We run four shifts at BreadAhead: 11am to 7pm, 1pm to 9pm, 9pm to 5 am, and the early morning shift that I do. The night shifts are the hardest because you’re sleeping in the day and living by night. When we were the only bakers in the bakery we had to do it, but now we’ve grown and have around 20 full-time bakers, I can work the early mornings instead. So I don’t ever complain because I know how hard the night shift is. I get to see dawn and there’s so much of the day left once I’m done.

The best thing is that I get to work with my wife

How long have you been a baker for and what do you love about it?
I’ve not actually been a baker for that long to be honest. I was a chef working at St John restaurant for Fergus Henderson and sort of fell into baking. They had an in-house bakery and I loved it. When Matt [Jones, co-founder of BreadAhead] got the space in Borough Market I knew it would be good.
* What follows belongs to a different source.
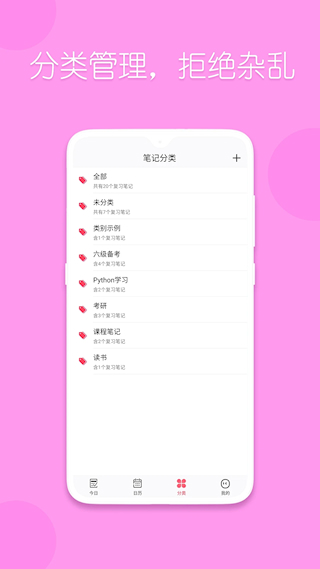 復習規(guī)劃筆記(3)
To be part of the famous market was amazing and together with Matt and Louise [Justin’s wife] our baking power is pretty impressive.
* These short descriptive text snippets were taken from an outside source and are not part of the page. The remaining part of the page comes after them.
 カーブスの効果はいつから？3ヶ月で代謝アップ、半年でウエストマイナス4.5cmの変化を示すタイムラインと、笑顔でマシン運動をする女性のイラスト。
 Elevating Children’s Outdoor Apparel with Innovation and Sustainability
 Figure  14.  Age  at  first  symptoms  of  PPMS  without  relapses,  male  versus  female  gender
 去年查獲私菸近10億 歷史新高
So I’ve only been baking full-time for about seven years, but even when I was a chef I always loved the baking side. I love the mixing, shaping and the baking, all the development that goes into the bread, and coming up with new and exciting flavours for my doughnuts. But the best thing is that I get to work with my wife.

Why do you think more people are having a go at making bread? What’s the appeal?
Well, how about the Great British Bake Off? But it’s not just that, people are starting to want to know what goes into their food in general. They understand that if they bake their own bread they can control what goes in it – flour, water, yeast and salt, and not ten other preserving ingredients. Mainly, when you make your own bread it’s bloody good fun and you end up with something delicious.
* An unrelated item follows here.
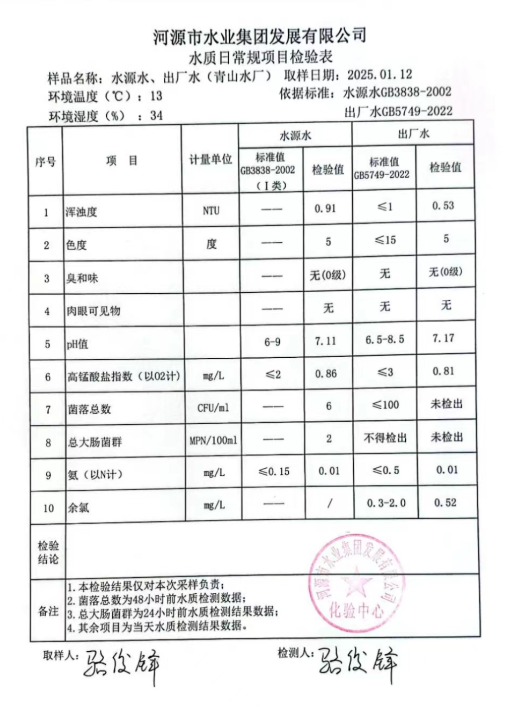 2025年1月12日水質(zhì)檢驗報告.png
What’s your favourite bake?
I never tire of making my doughnuts, and I love making our 100 per cent rye sourdough – the smell of those loaves when they’re baking is intoxicating.

What’s the key to being a good baker?
All you need is your hands, somewhere to bake, and a good recipe. That’s it really. A little patience and some passion helps. And, if you fancy it, a couple of BreadAhead breadmaking classes under your belt will stand you in good stead too.